En fait je suis fan du travail de Riad Sattouf, mais j’aime pas adopter une attitude de fan quand je suis à côté des gens que j’admire. C’est pour ça que quand Philippe Decouflé est venu je me suis tenu tranquille. Alors que j’adore la danse contemporaine, et toutes les danses d’ailleurs, au Mexique on m’appelait bailador loco. Disons que je me trémousse pas mal, une fois j’ai chopé au bal des pompiers, c’est dire. Sachant qu’au bal des pompiers, les vedettes c’est les pompiers hein, tu peux te mettre du Pento dans les cheveux ça change rien, le côté héros tout ça il est de leur côté - et avec Notre-Dame y en aura que pour eux... je sais même pas si ça vaut le coup d’y aller cette année… 

J’ai beaucoup aimé « Les cahiers d’Esther » parce que ça m’a rappelé mes propres histoires d’enfance. Moi j’avais deux copains avec qui on avait formé une bande de 3 à la récré. Dans la bande on avait tous un rôle : y avait le costaud, le débrouillard et l’intelligent. Nos références dans la vraie vie c’était Barracuda pour le costaud, Mac Gyver pour le débrouillard... et l’intelligent c’était… bah c’était Jacques Chirac. J’ai pas d’explications à ça, c’était lui, voilà. Jacques Chirac c’était mon copain Benoît, parce qu’il portait des lunettes. Il avait la double peine lui : porter des lunettes et jouer Chirac à la récré… 

Moi j’étais le costaud parce que j’avais un grand-père viking – enfin il était né en Normandie quoi, là où les vikings étaient venus avec leurs drakkars pour aider les gaulois à se battre contre les romains. Enfin je crois ça remonte... Ou c’était contre Jean-Marie Le Pen je sais plus, parce qu’il était très méchant aussi. 
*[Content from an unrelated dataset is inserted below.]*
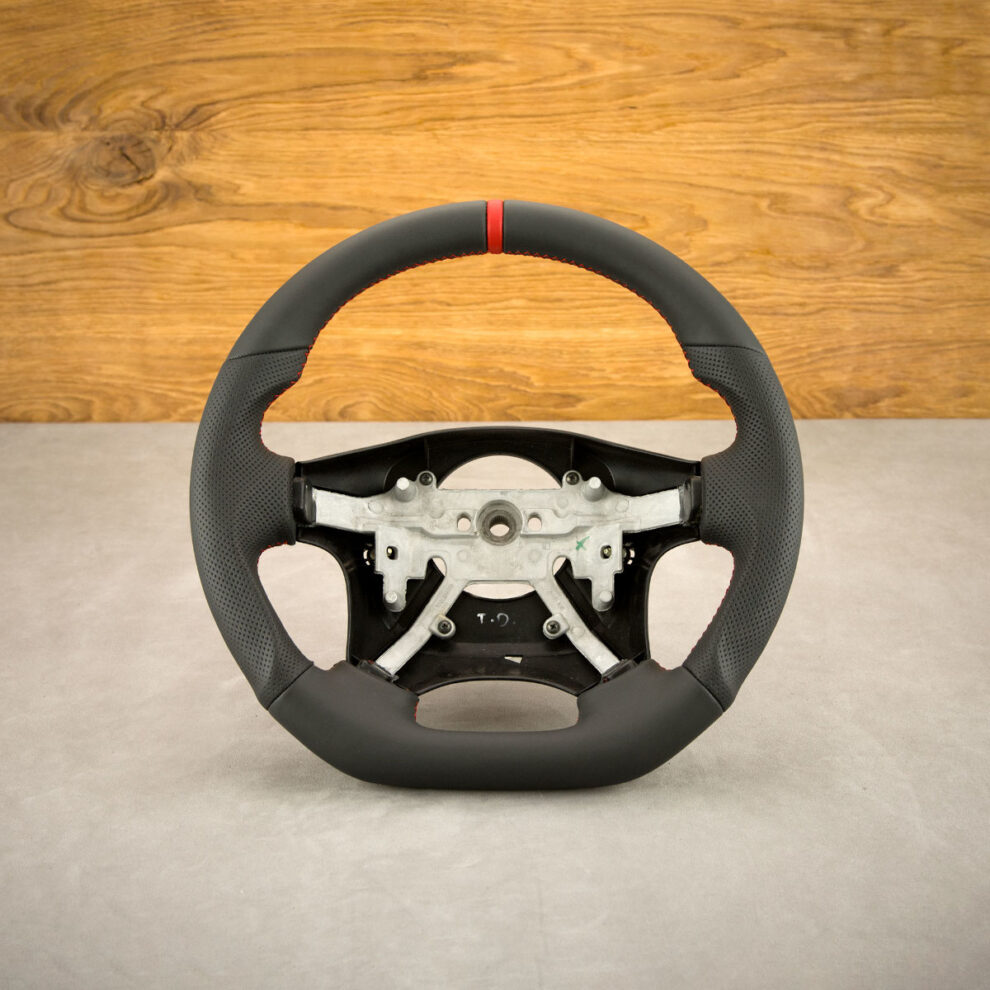 Modyfikacja i obszycie kierownicy Opel Frontera B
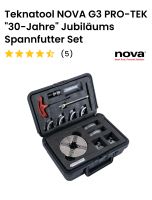 Nova G3 Pro Tek Spannfutter Nordrhein-Westfalen - Kerpen Vorschau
Le débrouillard c’était mon copain Freddy, parce qu’il avait un prénom américain, comme Mac Gyver. Et les deux autres rôles étaient déjà pris donc bon... 

Donc on jouait à sauver le monde de situations très compliquées à l’issue incertaine, dont seules l’intelligence de Jacques Chirac couplée à la débrouillardise de Mac Gyver et à la force de Barracuda pouvaient nous délivrer. 

Et puis un jour y a eu un contrôle de grammaire et Benoît qui jouait Chirac l’intelligent, il a eu une moins bonne note que nous, le débrouillard et le costaud. Or il pouvait pas être plus intelligent que nous pendant la récré s’il l’était pas dans la vraie vie. C’est la dernière fois qu’on a joué. Ce que je vous raconte est vrai, j’ai failli chialer en y repensant... 

Donc je me suis souvenu de tout ça en lisant « Les cahiers d’Esther » et puis je me suis rendu compte qu’encore aujourd’hui, je continue à avoir des réflexions enfantines parfois, et ça me fait un peu plaisir. Deuxième litote - décidément... 

La suite à écouter et à retrouver en vidéo !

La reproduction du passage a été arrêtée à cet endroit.